If I were attempting to do a similar thing, rather than positioning the "bank" as a separate service, I'd be offering full "auspicing" as many national NGOs have traditionally done for locally-run activities, where the "bank" service is actually just automating internal financial procedures for authorising transfers of money that belongs to the incorporated body rather than accepting deposits on behalf of a separate group of people.
edit: hah, just read the comments below and this seems to be exactly what they're doing
Although the other onerous requirement for a bank is that it can't have any one owner with more than 5% shareholding (although there's a lender here that's trying to get the government to change that).
Out of curiosity, are there ever plans to expand this beyond high school?
So cool to see an alum on HN :-).
I'm not sure why the bank's tax status is relevant, since the bank doesn't own the funds. Also, most credit unions are nonprofit.

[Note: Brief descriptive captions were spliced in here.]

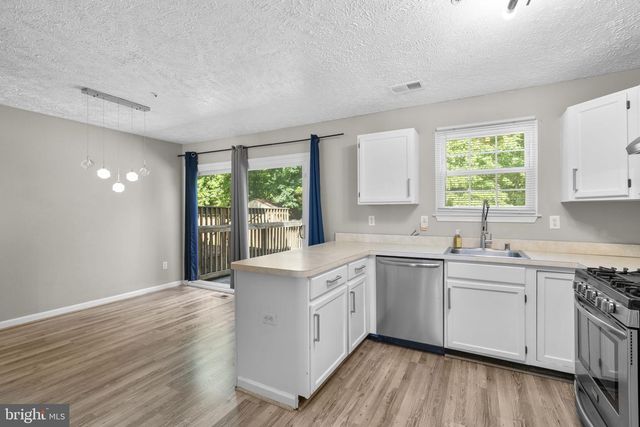 1043 DEBBIE AVE, Baltimore, MD 21221
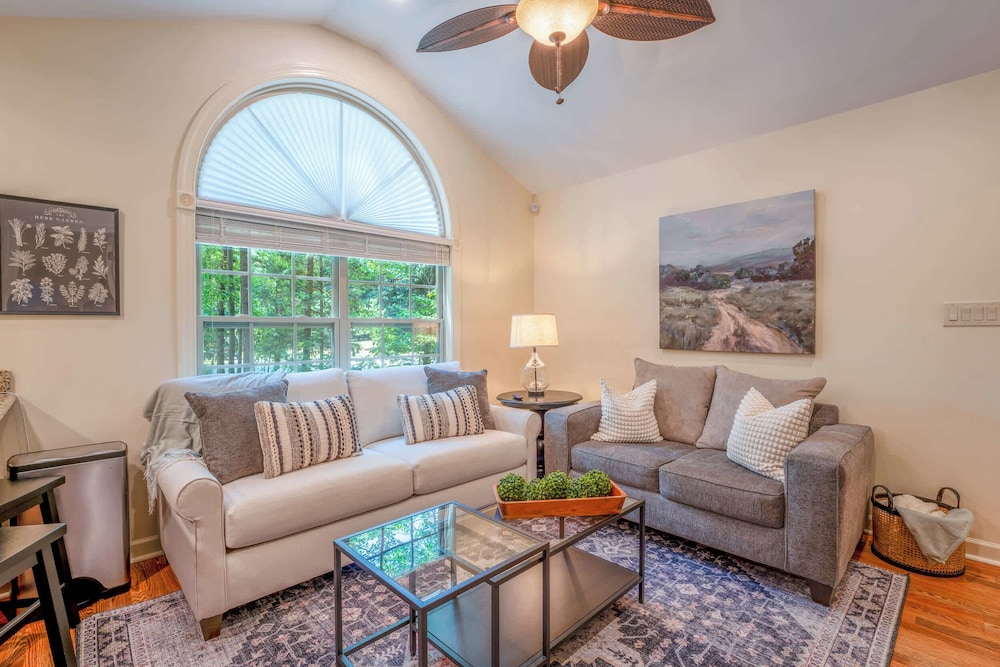 Dragonfly Cove Private Dock in Mooresville, United States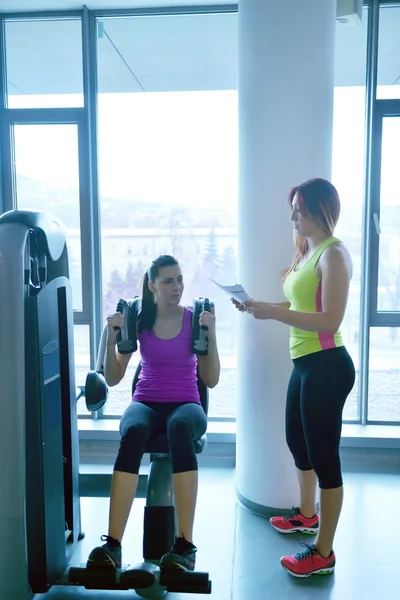 Kvinna tränar med sin personliga tränare — Stockfoto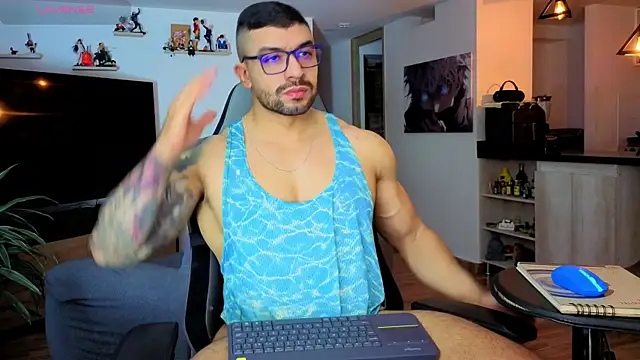 Snapshot of Michael_Diamond chatting on December 22, 2025, 2:44 am Michael Diamond online show from December 22, 2025, 2:44 am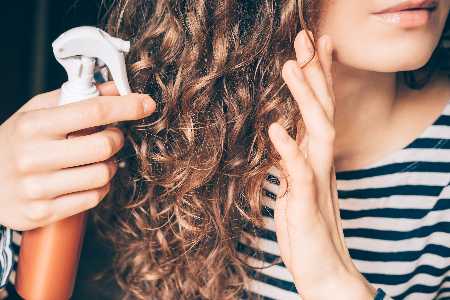 Spitzenschneiden, Waschfrequenz, graue Haare Die größten Irrtümer über Haare Styling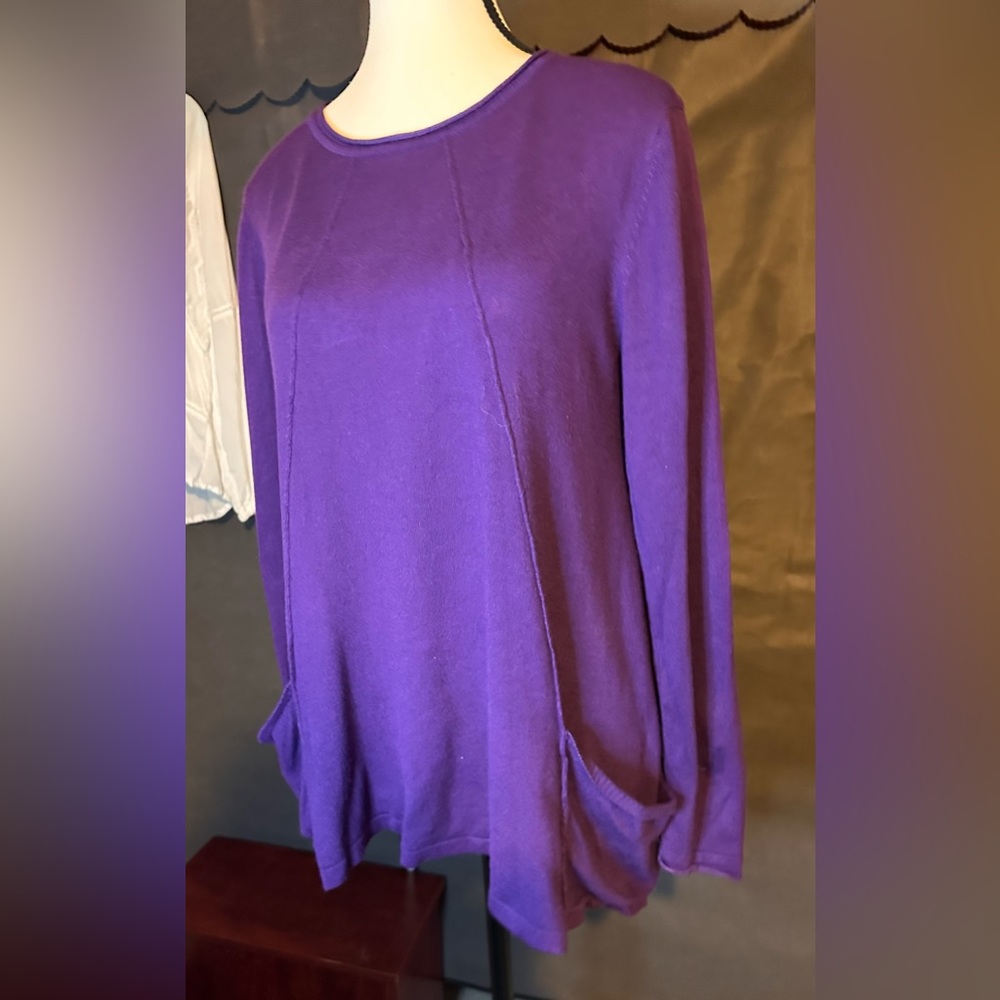 🩵Jacqueline Smith Collection purple knit top with front pockets. 063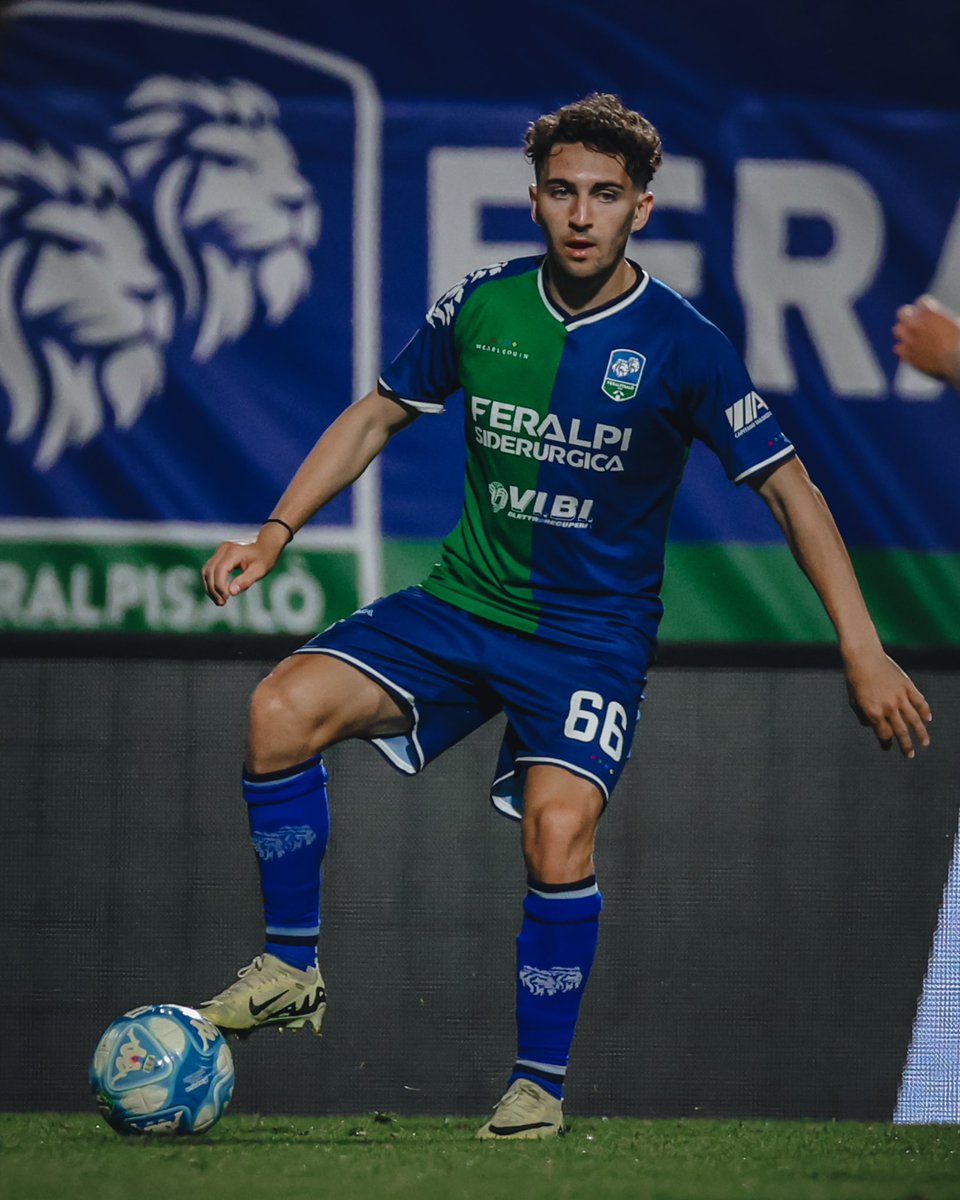 unionbrescia's tweet photo. ๐๐
#NonSiScordaMai
#LeonidelGarda
#CapaciDi https://t.co/0xn0ZQyvdG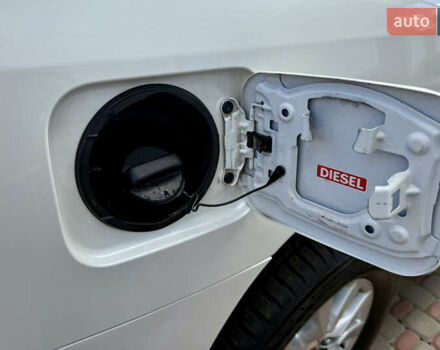 Белый Тойота Ленд Крузер, объемом двигателя 4.46 л и пробегом 195 тыс. км за 44999 $, фото 18 на Automoto.ua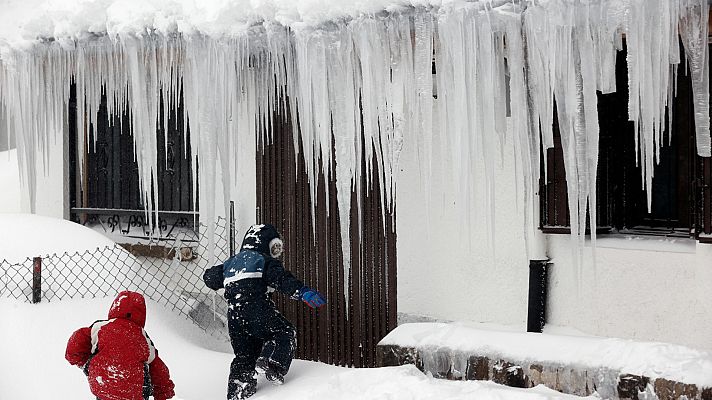 Telediario Fin de Semana - El frío afecta a casi toda España y hay aviso por nieve en muchos puntos del norte
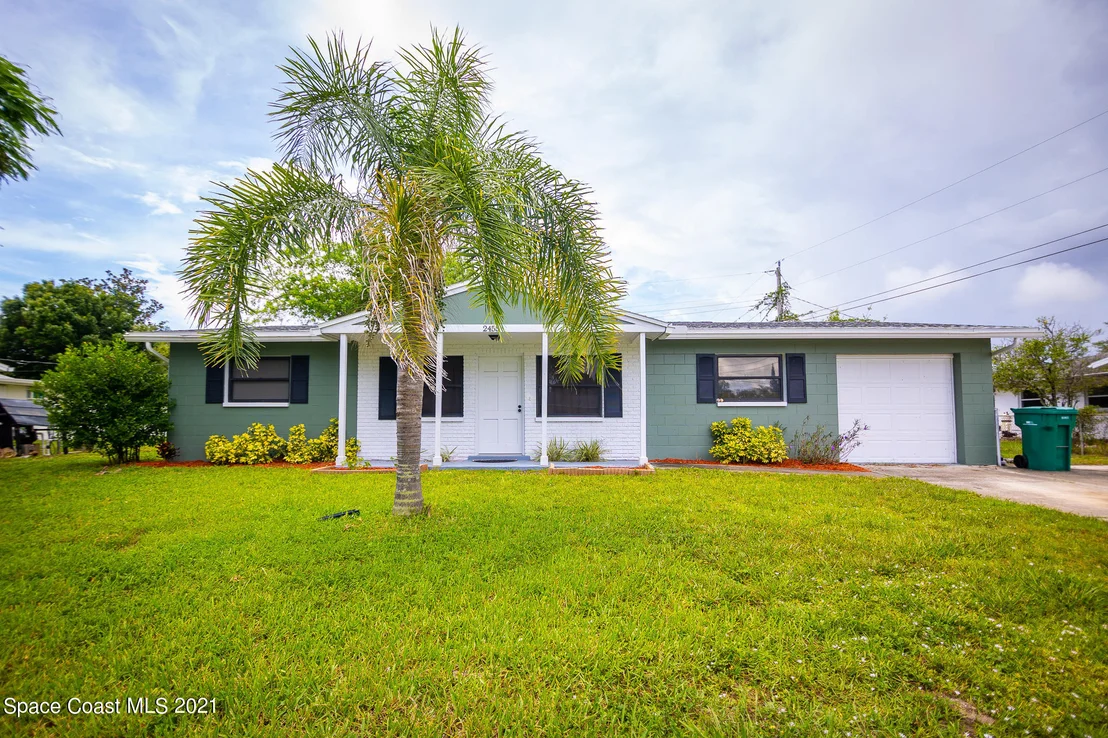 Photo of 2455 Lakeview Drive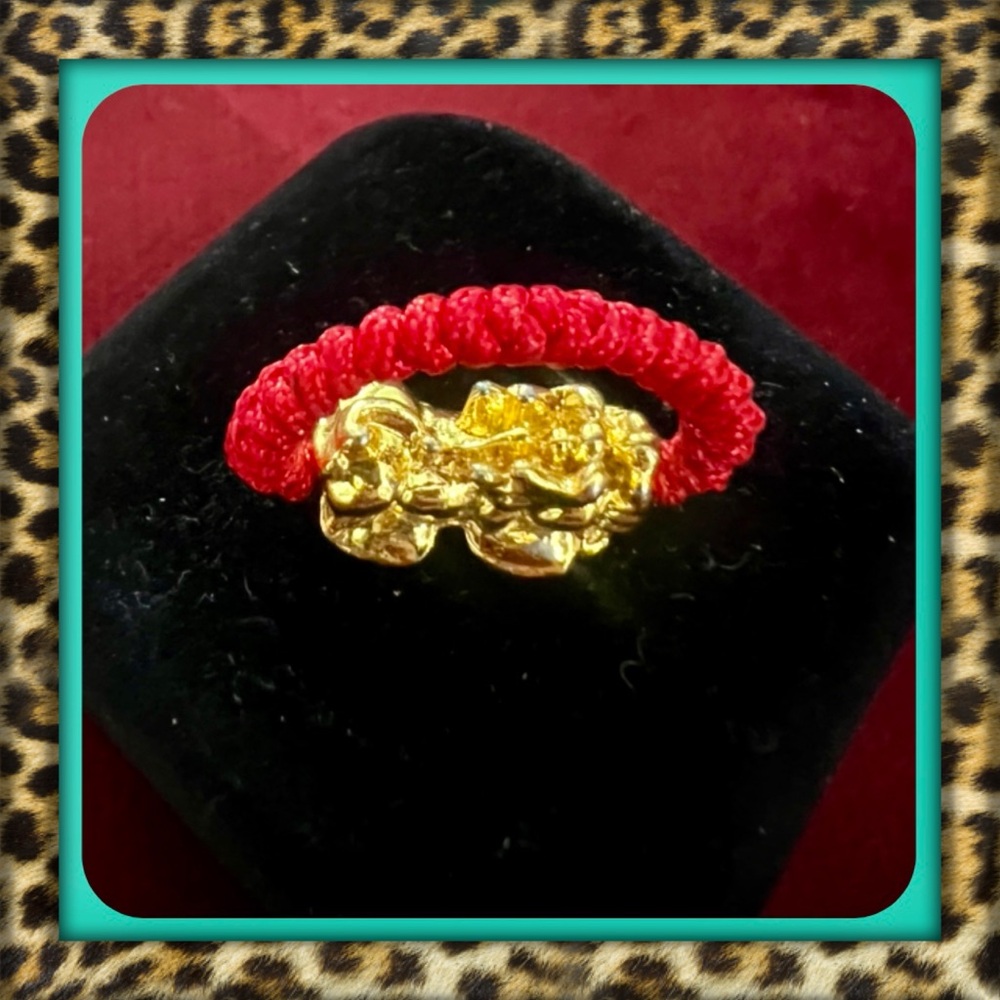 👑✅PRICE FIRM✅ Gold Pixiu and Red Braided Ring. Size 7.5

Most sponsors for high school events want to see some sort of non-profit status when giving and it takes over a year and thousands of dollars to create a new entity in the US. With Hack Club Bank, they can get set up under our parent entity in under a week.
I'm happy you were able to get your status so quickly. It took us about a year. The filing fee for the 1023 alone is $600.
The IRS has an overview of the expected timelines at https://www.irs.gov/charities-non-profits/charitable-organiz..., though they often get backlogged by months. The filing instructions for the 1023 are also a fun read: https://www.irs.gov/pub/irs-pdf/i1023.pdf
All the debit cards are pre-paid from event account balances and have a system in place to collect receipts and restrict categories that can be spent in, if needed.
We're planning on doing a gradual roll out where we can be extraordinary careful to make sure we catch all the kinks early on.
Bank accounts are treated as marketing for other financial services so you will even get free money if you open it in a bank that currently has a promotion (usually around 200 to 500 CZK - 7.5 to 20 dollars, or 5 to 12 beers).
The problem is that a personal bank account doesn't qualify as a non-profit under U.S. tax laws. So donors can't write off the donation and the kid would be assessed income taxes on the donation.
Again, you're focused on a totally different issue. There's nothing wrong with splitting costs or reimbursing a friend who bought you something.
Splitting rent or cab fare, etc. is fine, but that certainly doesn't mean a H.S. kid can receive $50k in "donations" in his/her personal bank account without worrying about the tax implications. That's the issue the OP is trying to address.
Having said that, school groups do spend money, bands, clubs and etc.... how are the others doing it successfully?
"The only person who had access to the bank account was the principal, but nobody knew where he was. 24 hours later, Jake and I were on the phone with the vice principal who was also left in the dark. A week later, the principal showed up in Tokyo and the money was still completely restricted. They missed the deadline for purchasing the flights and the trip was cancelled. What the hell happened?"
What did happen? They never really explain that.
For Kapaa High School, the money is still sitting today in a restricted bank account only the principal has access to - the trip never happened and the donors are frustrated, to say the least.
Joint business bank account at any major bank solves this. File for an llc in colorado (~$65) and open the account. Tax free, fee-free, and you can get multiple debit cards.
Sponsors for high school events also typically look for 501(c)(3) status before giving to events that benefit their community. I'm sure an LLC is a great solution for many, but there's a reason high schoolers don't already do this for hackathons.